Jamaica will open in the summer a museum in recognition of the life and work of the raggae singer Peter Tosh, who, along with Bob Marley, is considered an icon of reggae and illustrious figure of the national culture.

According to the newspaper The Gleaner, the Peter Tosh Museum will be located in this capital and will open its doors to coincide with the 40th anniversary of the launch of its famous song “Legalize It.”

The Museum, for the first time, will display a complete collection of treasured objects of Peter Tosh, as the M16 rifle-shaped guitar and the monocycle he used to move by his homeland.

In the Museum, visitors can also learn about the concerns of the artist through audio and video recordings.

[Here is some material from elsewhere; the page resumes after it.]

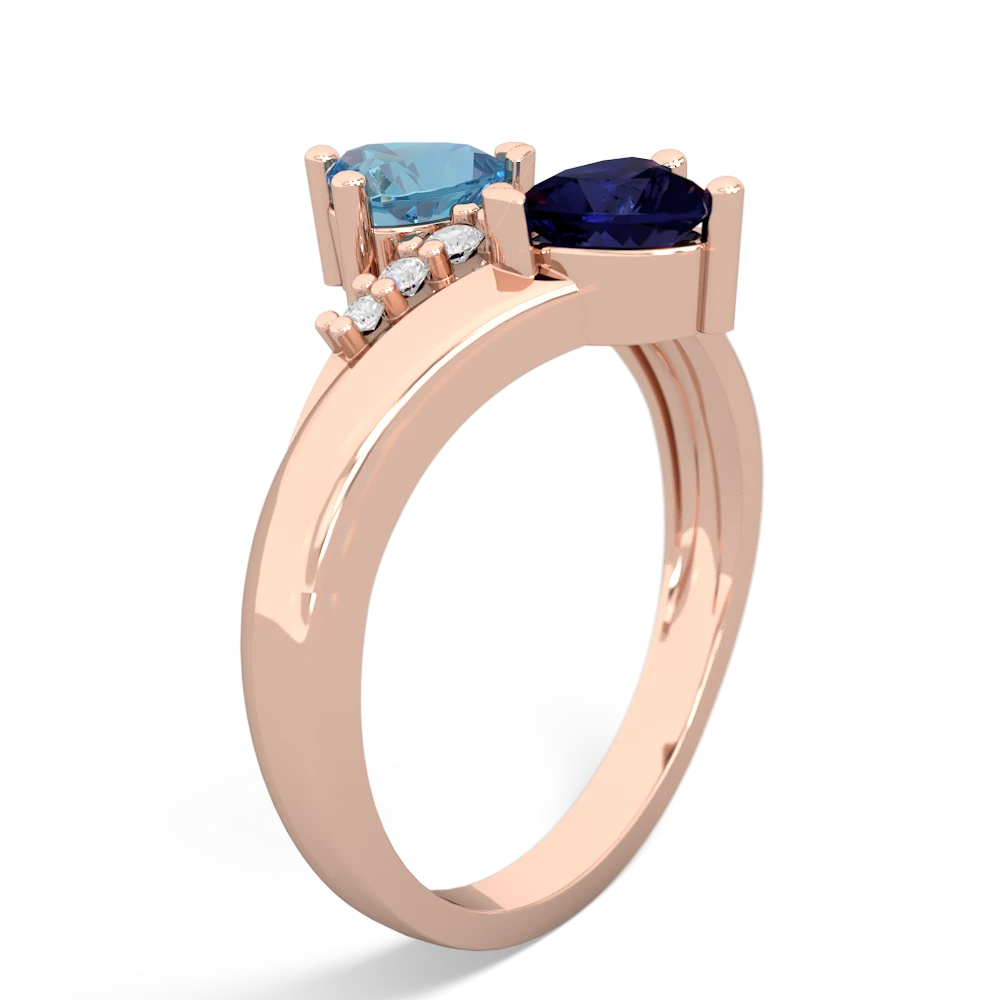 Blue Topaz Heart To Heart 14K Rose Gold ring R2064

Niambe McIntosh, daughter of the singer, described the opening of the institution as an important step in the preservation of the heritage of Tosh, as it will allow to spread his message of equal rights and justice in the new generations.

Peter Tosh, whose real name was Winston Hubert McIntosh, was one of the stars of reggae and the rastafari movement.

Together with Marley and Bunny Wailer, he formed the world-famous reggae band called The Wailers, and later, he had a successful career as a solo singer.

With his songs, Peter Tosh made his rejection to the use of nuclear weapons and apartheid public all around the world, defended human rights and the struggle for depenalizing marihuana, which is sacred for the rastafari community.